For years, students have voiced their complaints about Lackmann, only for Lackmann’s contract to be extended again and again. By continually extending Lackmann’s contract, Hofstra is hurting both its students and its reputation.
Lackmann Culinary Services cares only about profit and extending its contract. Lackmann’s recent miniscule decrease in pricing was a public relations scramble on their part to try to save face and maintain a contract with Hofstra under mounting student opposition.
The five percent decrease in pricing is laughable and does not come close to solving Hofstra’s dining services problem. It does not make up for mold on food and the numerous other health code violations that Hofstra’s students face.
Lackmann’s new pricing is an insulting reminder of the fact that students are supporting a company that aims to suppress our dissatisfaction just enough so that it can continue to conduct business as usual.
What Hofstra administrators do not realize is that their relationship with Lackmann is bringing down our University.
The continuation of Lackmann’s contract gives students the impression that the University does not care about how we feel or what we have to say, breeding a pervasive feeling of mistrust and resentment.

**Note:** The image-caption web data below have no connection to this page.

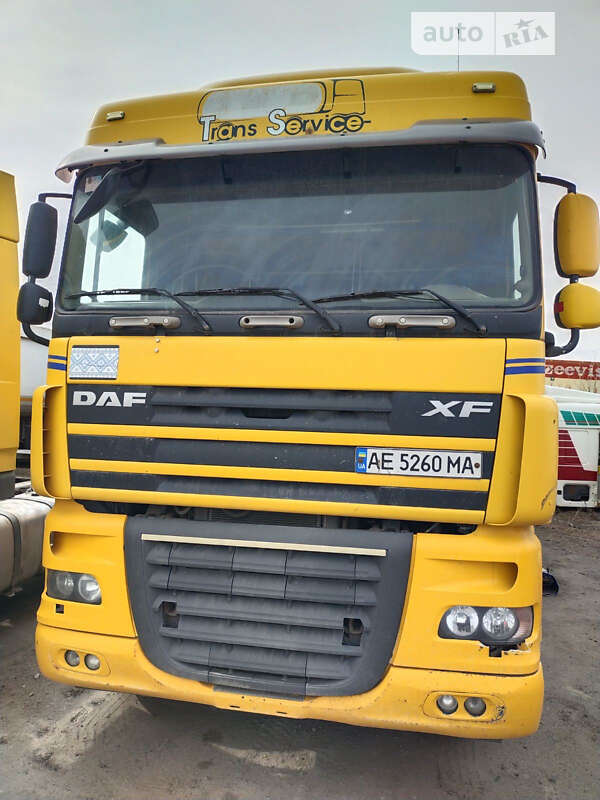 Тягач DAF XF 105 2008 в Дніпрі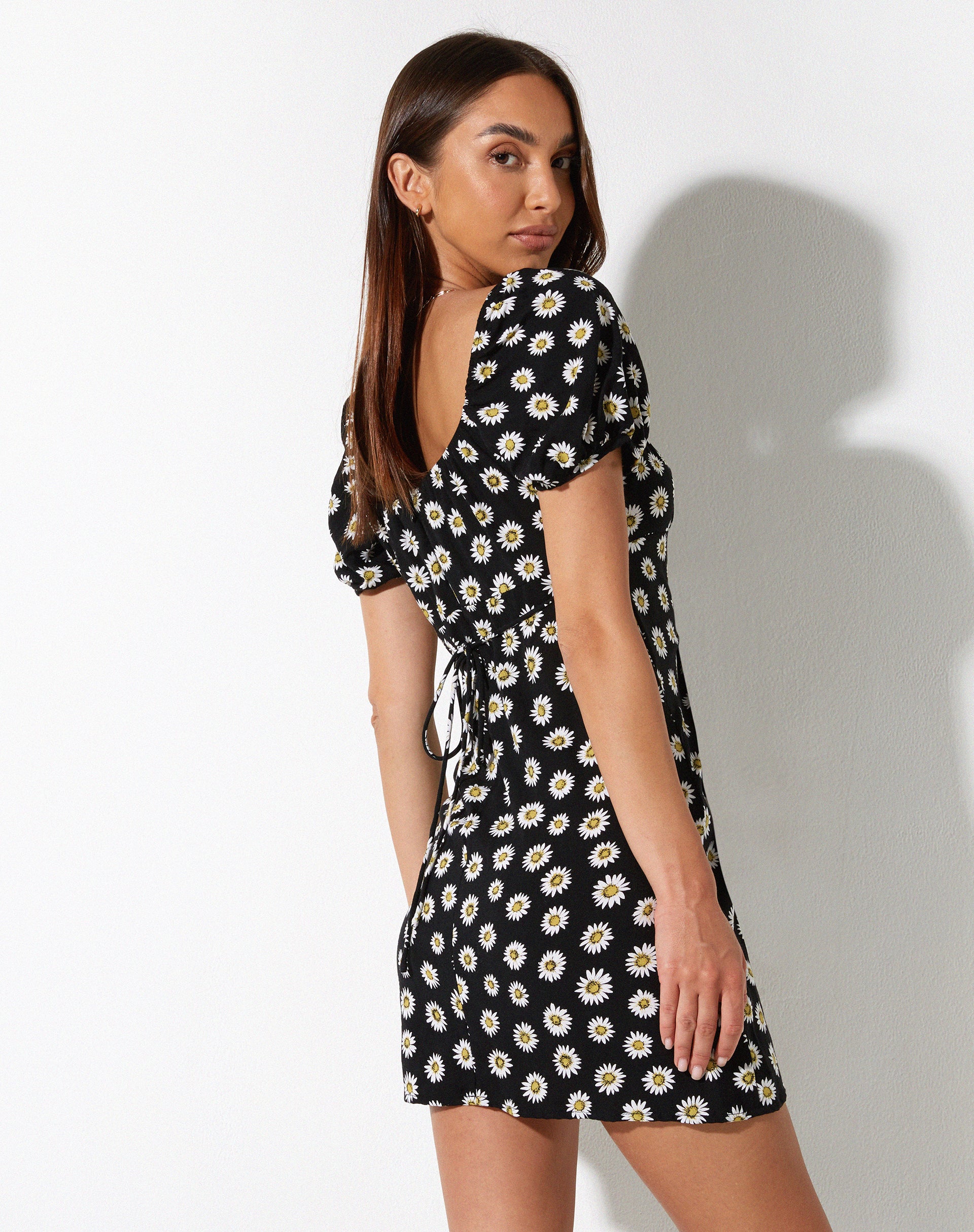 Sasi Mini Dress in Grunge Daisy Black - Image 2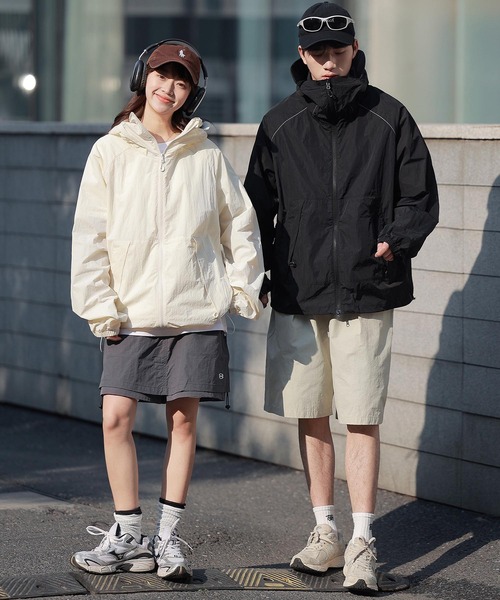 aimoha(アイモハ)の「フード付きアウトドアジャケット UVカット 軽量ジップパーカー(ナイロンジャケット・メンズ・グリーン/ベージュ/パープル/ブラック/オフホワイト・LARGE/MEDIUM)」の7枚目の写真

There is a gap in communication between Hofstra students and Hofstra administrators, and that gap leaves the administration unaware of how terrible our dining system really is.
Students have been told to address all complaints to Lackmann when in reality, Lackmann does not value students in the same way that Hofstra administrators do. Students need to be communicating directly with Hofstra administrators like Joseph Barkwill who decide whether Lackmann stays or goes.

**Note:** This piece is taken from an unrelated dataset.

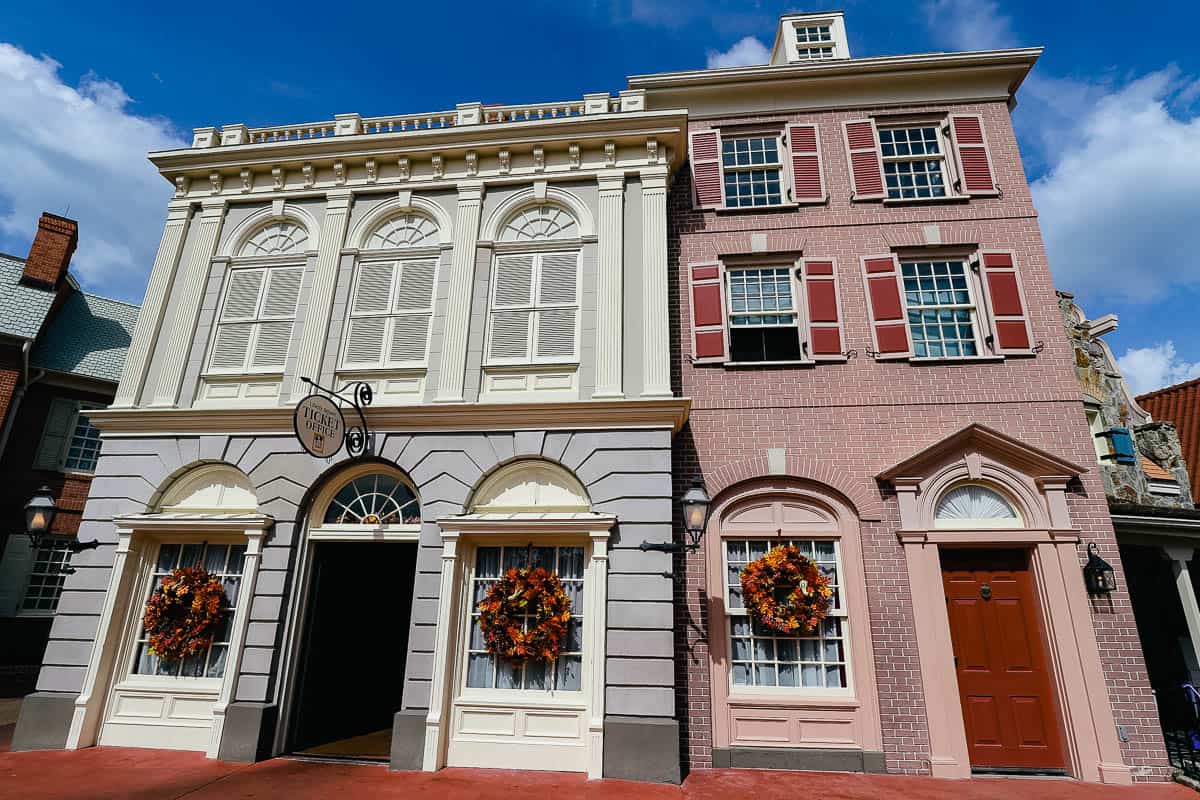 buildings with wreaths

Unfortunately, even if students do know whom to confront with their complaints regarding Lackmann’s contract, most are so demoralized by Lackmann’s lack of change that they feel that speaking up, even to Hofstra administration directly, will not make any difference.
Some may call a complete overhaul of Hofstra’s dining services an unwise idea, but the truly unwise choice in this situation is to perpetuate a system that is both exploitative to and hated by students.
At this point, the Lackmann name is so tarnished that any “reforms” made by the company would automatically be suspect.
Lackmann Culinary Services has profited off of Hofstra students for long enough.
Determining a new dining system will be a difficult task, but it is a necessary one. Hofstra must keep the student body informed of their decision-making process and continually ask for input. But above all, students must continue to make their voices heard in order to better our university.